試しにこんなことやってみたら、どうでしょう?

  • ・キャビネットを全部捨てて、書類の隠し場所を無くす
  • ・机を全部捨てて、自分の席を無くす
  • ・社内会議で PowerPoint を禁止する
  • ・会議の配布資料を禁止する
  • ・会議室は1時間しか予約が取れないようにする
  • ・仲が悪い部門のオフィスを一緒にする
  • ・全社員のスケジュールを公開しアサインフリーにする

よく誤解されるのですが、これはコンサルタントが押し付けた提案ではありません。お客様のディスカッションの中から出てきたものです。逆に私たちは、本当にやりますか、と確認する役割をすることのほうが多いかもしれません。

トライアルは全社ではなく、パイロット部署だけでやることもあります。こうした試みを実行することで、なるほど、こういうやり方もあるのか、こういう考え方もあったのかと気づくことが少なくありません。

ただしトライアルとはいえ、一部のメンバーが思いついて、それを全社員に強制するというやり方はうまく行きません。合意形成が必要です。やってみようじゃないか、という機運が生まれ、トライアルやその後の展開を進めていく結果、気がついたら会社の風土がガラリと変わっている、ということだと思います。

内田洋行の働き方変革

お客様の事例は守秘義務があって紹介できないので、弊社の実践のプロセスを例にとって、流れを紹介したいと思います。実践は、2011年の夏にスタートしました。

実践に至ったのは、言うまでもなく、より強い会社に変えていきたかったからですが、他にこんな理由もありました。

・自社で働き方変革を実践して、KPI(組織の活動を客観視するための指標)が上がっていくかどうか実証したかった。

・たまたまモデル部門になった200名ほどの営業部門が、半年後にオフィスを移転する予定だったので、タイミングがよかった。

移転やシステム導入などをきっかけとして起動するプロジェクトをイベントドリブン型といいます。この型のプロジェクトはイベントの1年から半年前ぐらいからスタートするケースが多いのですが、弊社の変革は半年前からという最短コースで進んでいきました。

自分ごと化を重視して、トップからは「働き方を変えて営業力を強化しよう」というキックオフ宣言だけが発せられ、何を変えるか、どう変えるかなどはすべて現場に考えさせました。

ありたい姿をリアルに描き出す

この部署は、オフィスの設計・構築を扱っている営業部門ですが、まず何をしたかというと、「自分たちが2年後、3年後にどうなっていたいか」という「ありたい姿」を描きました。

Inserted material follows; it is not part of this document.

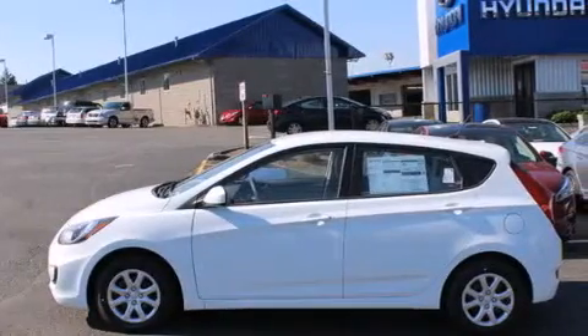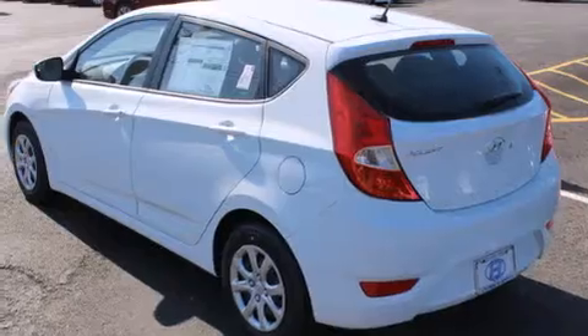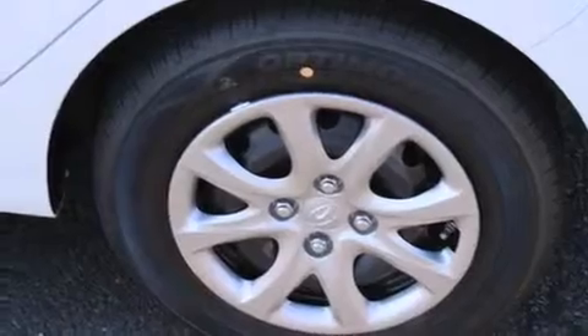Features include a low-tire pressure indicator, traction control and stability control systems, cruise control, rear curtain airbags, rear seat child-proof door locks, air conditioning, a pass-through rear seat, full-power accessories, a keyless entry system, and satellite radio.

いわゆる「To Be」というアプローチです。

下に示したコンセプトは、ワークショップを重ねながら現場のメンバーが一所懸命考えた、営業担当者としての想いがこもった言葉です。このプロセスで変革の目標感はある程度共有できたと思います。

しかし、抽象概念だけでは人は動きません。なぜなら、「カスタマーズ・パートナー」というコンセプトにしても、一人ひとりのカスタマーズ・パートナーのイメージはそれぞれ異なり、ベクトルが1つにならないからです。ベクトルをきちんと合わせるためには、コンセプトをもっと身近な日々の動きに近づけていく必要があります。

その手法を「シーンメイキング」といいます。毎日どういう動き方をしているのか、カスタマーズ・パートナーとなった営業は、そうではない営業と提案書の書き方はどう違うのか、チーム・ビルダーとなった営業は、そうでない営業と会議の仕方がどう違うのか、というような数百のシーンを描き出します。そのぐらいの細かさで、日々の動きの目標設定を行っていくと、ありたい姿をかなりリアルに共有できます。そこで初めて現状分析を行い、差分を測って、ありたい姿と現状をどう埋めるかという作業に入っていきます。

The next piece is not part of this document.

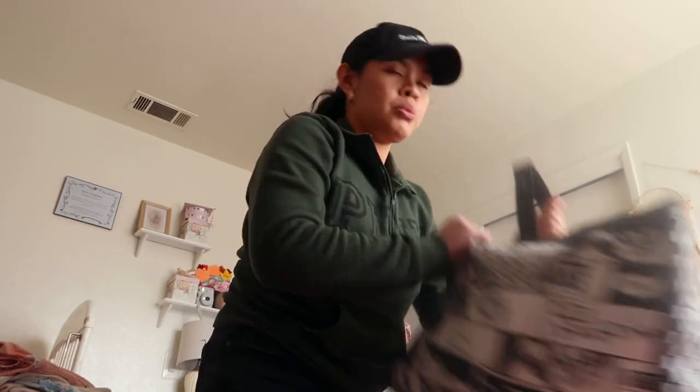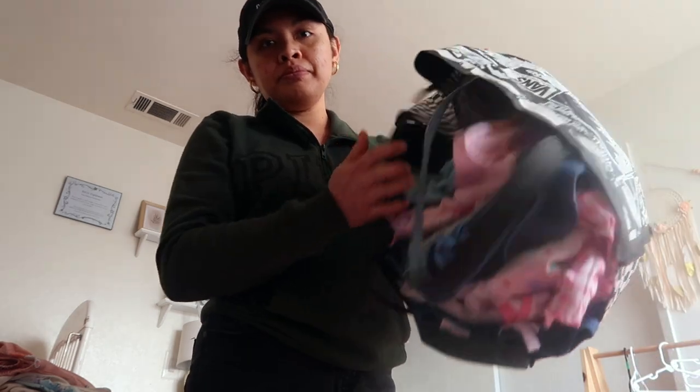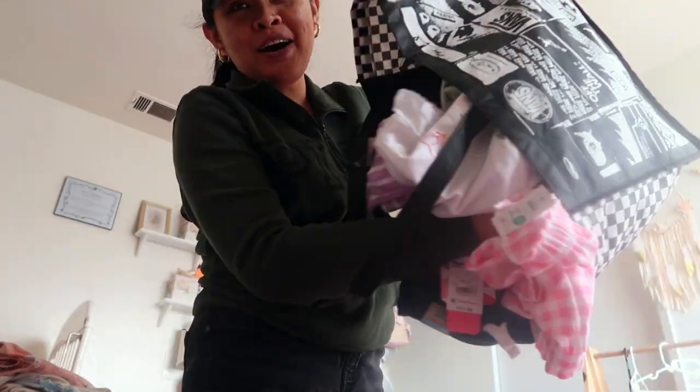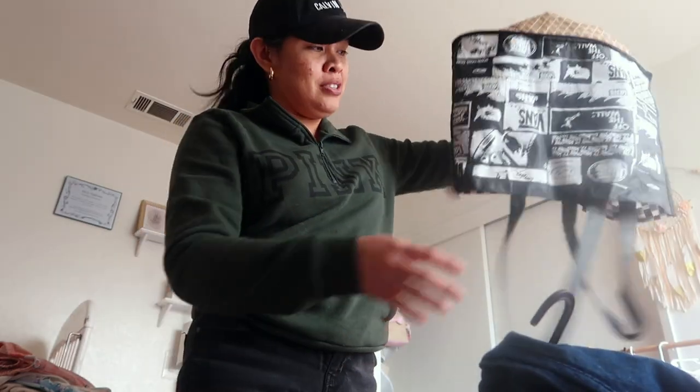So I went to Walmart to grab a few things for a recipe I'm going to make, and you know as a mom I went to the girls' clothing section — the kids' clothing section — and came home with all of this for the girls, which I don't regret.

結果として344個の課題が見えてきました。344個の課題をいろいろな形で解決していくというのが、働き方変革のアプローチです。そのうち99個は現場だけでは解決できないものでした。全社のシステムや、人事評価のしくみ、内部統制のしくみを変える必要がある課題でした。これらはプロジェクトオーナーである役員へ報告し経営視点での判断に委ねました。残りの245個は自分たち現場で変えられるものです。これが全体の約7割を占めました。

「プロジェクトが社員を持ち上げる」体制づくりが成功のカギ

普通の会社には、組織の活力を高めたり、業務やコミュニケーションのプロセスを見直したりすることを専門とする部署はないので、多くの場合、分科会やワーキンググループでプロジェクトを進めるという形になります。弊社も5つの分科会を設置し、4年経った今もこの分科会は続いています。期毎に成果をレビューし、重点施策と体制を変えながら活動を継続しています。

これまでの成果を振り返ると、営業生産性の代用特性としているKPI(顧客との面談時間比率)が、変革前の24%から2年で50%へと倍になりました。今は40数%のところに落ち着いています。KPIを見ていくと、下がったときは要因を分析する機会になります。上がりすぎたときは他にしわ寄せがいっているので、抑える対策を講じることができます。

下のグラフはイノベーティブな業務(価値を生む業務)と効率化対象業務(アウトソーシングしたり、システムに置き換えたりしたほうがよい業務)の比率です。多くの組織でイノベーティブな業務の比率は低いのが普通で、弊社も最初は23%でした。それに対して効率化対象業務が7割以上占めていました。これを5:5にもっていくことを目標に、働き方変革を進めています。このテーマはBPR(ビジネスプロセス・リエンジニアリング)の分野と考えられることが多いですが、働き方変革だけでもある程度の成果が得られるという実感を得ています。

社員の意識は、開始当初、上司や会社の方針をきっちり納得している社員が2割にも満たず、だいたい納得しているという社員も合わせて6割ぐらいでした。それを、縦方向のコミュニケーションや上司や部門のメッセージングの方法を変えることによって、現在は8割強のメンバーがほぼ納得しています。

しかし、右肩上がりは永続しません。変革は、同じやり方をずっと続けていけばよいのではなく、どこかでモードチェンジが必要になります。KPIを見ていくと、そろそろ踊り場に差し掛かってモードチェンジが必要なタイミングがわかってきます。弊社の場合も2年経ったときに踊り場を迎え、3年目はモードチェンジの期間になりました。変革活動を継続するのか止めるのかを含めて議論し、やはり次のステージへ行こうという合意形成をして、今4年目を迎えています。

働き方変革の成功要因は、社員が変革を自分のこととして捉えるかどうか、自分の問題として意識できるかどうかだと思います。「推進メンバーが方針を決めるので、社員はついてこい!」ではなく、「現場の社員がどうなりたいのかを考え、推進メンバーはその実現を支援する」ような体制が取れると、成功する確率が高くなると思います。